Whether moving to another rental property or stepping onto the property ladder for yourself, ending your current tenancy agreement can be a stressful moment. However, those frustrations will be far greater if you allow simple mistakes to result in financial issues.
From avoiding bills and fines to getting your full deposit returned, these six simple steps will keep you on the right track. Here’s all you need to know.
1. Inform Those That Need To Know
Of course, you’ll want to tell friends and family about your moving plans, not least because they might offer to help. However, you also need to ensure that all of the associated companies and institutions have been informed in advance. Failure could result in unnecessary bills and fees.
The list includes council tax, DVLA, TV license, and home contents insurers. Above all else, you need to tell the bank.
2. Set Up Mail Redirection
In addition to sorting out billing, registrations, and legal necessities, you should set up a mail redirection service. If moving to a new permanent address, you can have letters and packers rerouted directly there. If moving to a temporary address, they can be stored at the post office.
You can’t trust that the next tenant or homeowner will be an honest person. Given that you won’t want them to read your post, it’s better to be safe than sorry.
3. Clean Up
As a good tenant, you should have kept the property in great condition throughout the agreement. But a deep clean just before leaving is essential as over 20% of deductions relate to this issue. This should include thoroughly cleaning the floors, oven, and bathroom. Taking photos is vital too.

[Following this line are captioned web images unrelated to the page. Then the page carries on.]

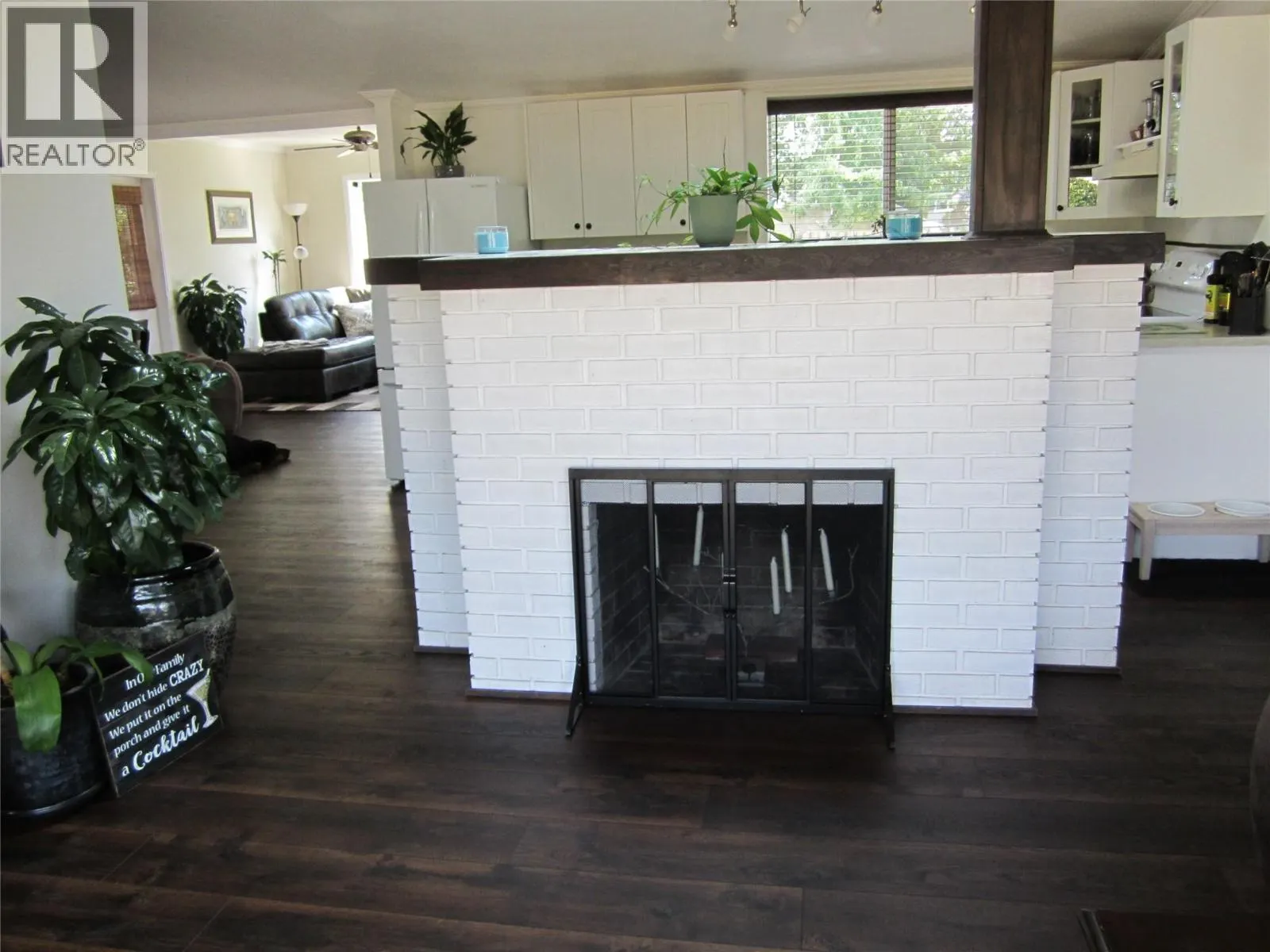 156 McCulloch Drive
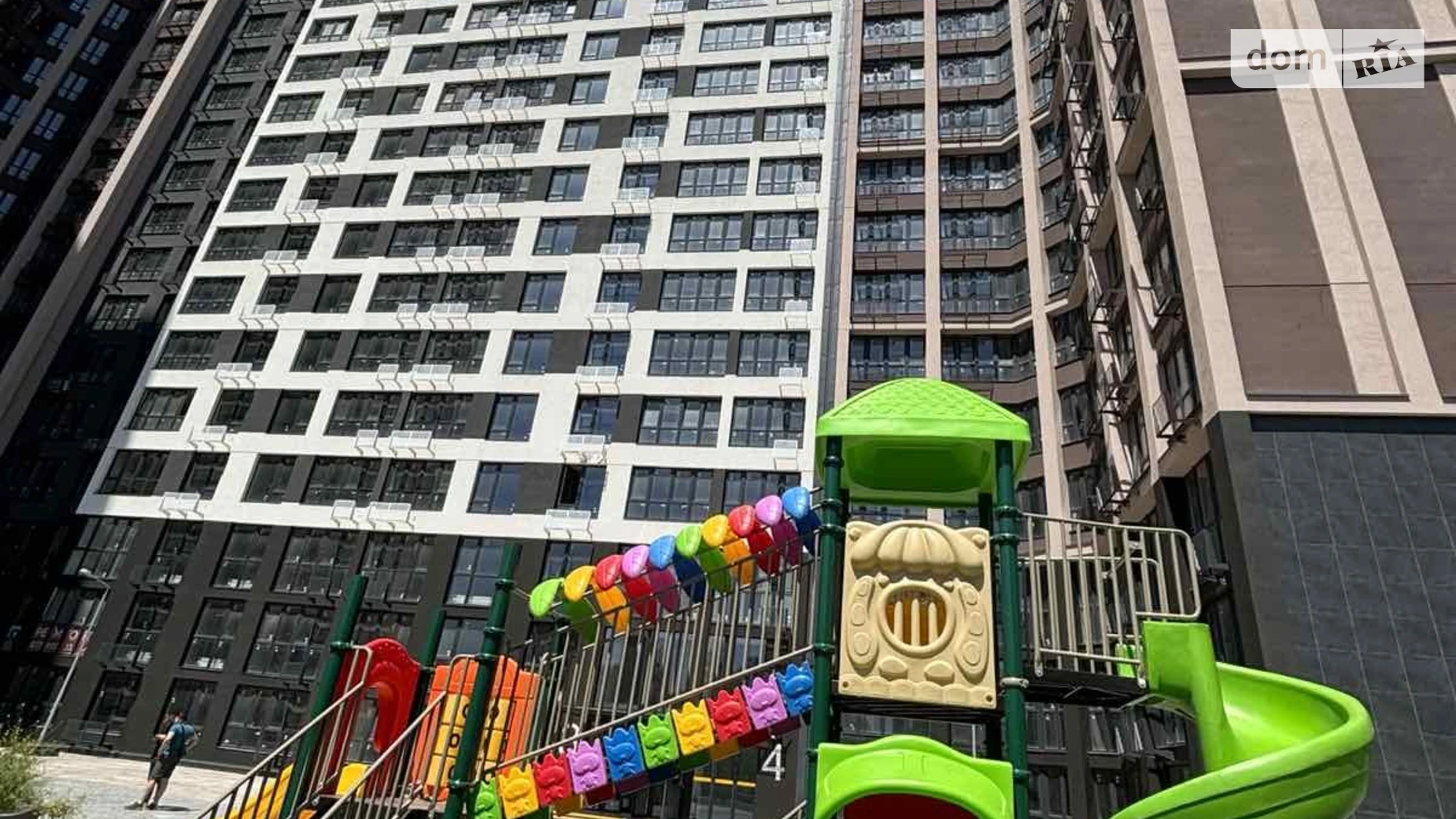 Продается 3-комнатная квартира 100 кв. м в Одессе, ул. Ивана Франко - фото 2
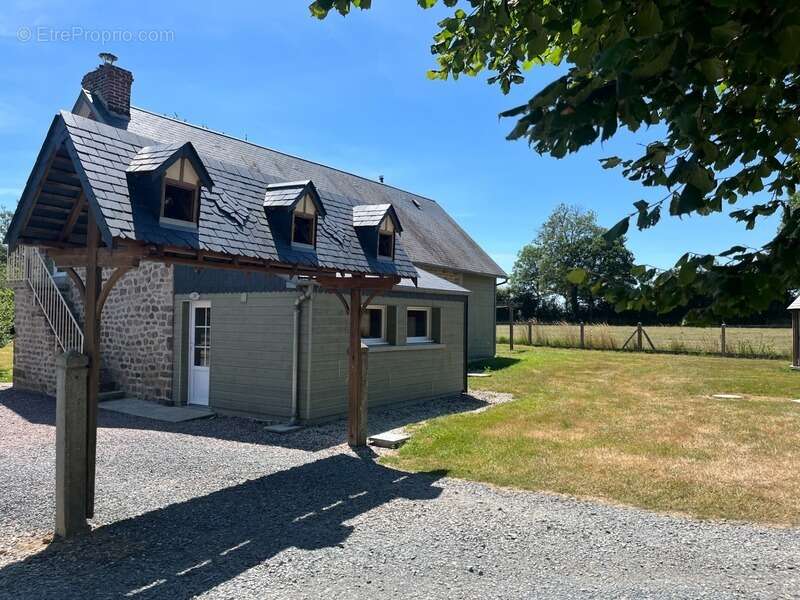 Havre de paix : Maison en pierre rénovée et son verger de 150 pommiers — Rare sur le marché - photo 4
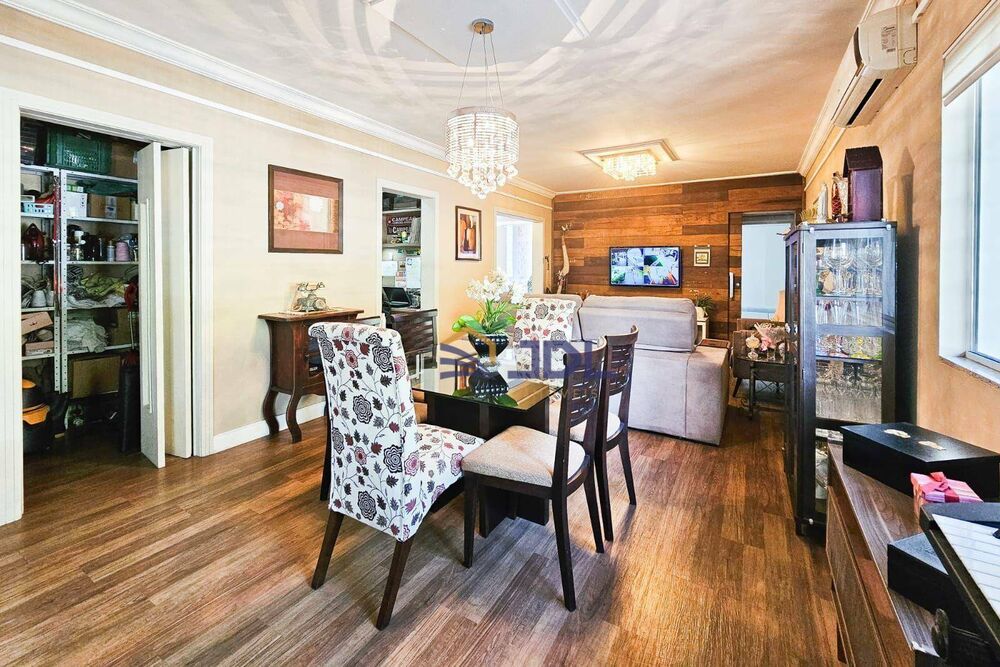 Casa à venda com 2 quartos, 143m² - Foto 3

If there were already marks when you moved in, you’ll want to remind the landlord of those. While the DIY option is for the best, some agreements may require a professional service. Do check.
4. Know Your Rights
Even if you’ve been a perfect tenant, the property will have encountered wear and tear, especially if you lived in the property for years rather than months. Common issues include worn carpets, boiler issues, and weary-looking walls. Either way, a landlord can’t deduct you for reasonable wear.
If you do face reductions, you are well within your rights to challenge those. Those battles tend to last around six weeks, but can be a lot shorter if you know where things stand.
5. Settle Bills
As you leave the property, knowing that your rent has been fully paid is just the start. You should also ensure that broadband accounts and other household bills are squared off. Otherwise, those fees could follow you. Aside from spiralling, it could even result in legal battles and court cases.
Taking photos of gas, water, and electricity meters when you leave is vital too. Failure to do this could put you in a vulnerable position should the landlord or next tenant become awkward.
6. Get Your Deposit Back
There are many factors to consider during the moving process, but getting your deposit back will soften the financial blow. While landlords can initiate the return of this money, they often won’t. Therefore, it’s imperative that you begin this process as quickly as possible.
As long as the landlord agrees and doesn’t have a reason to make deductions, your funds will be returned in next to no time. The only thing left to do is enjoy your new home in style.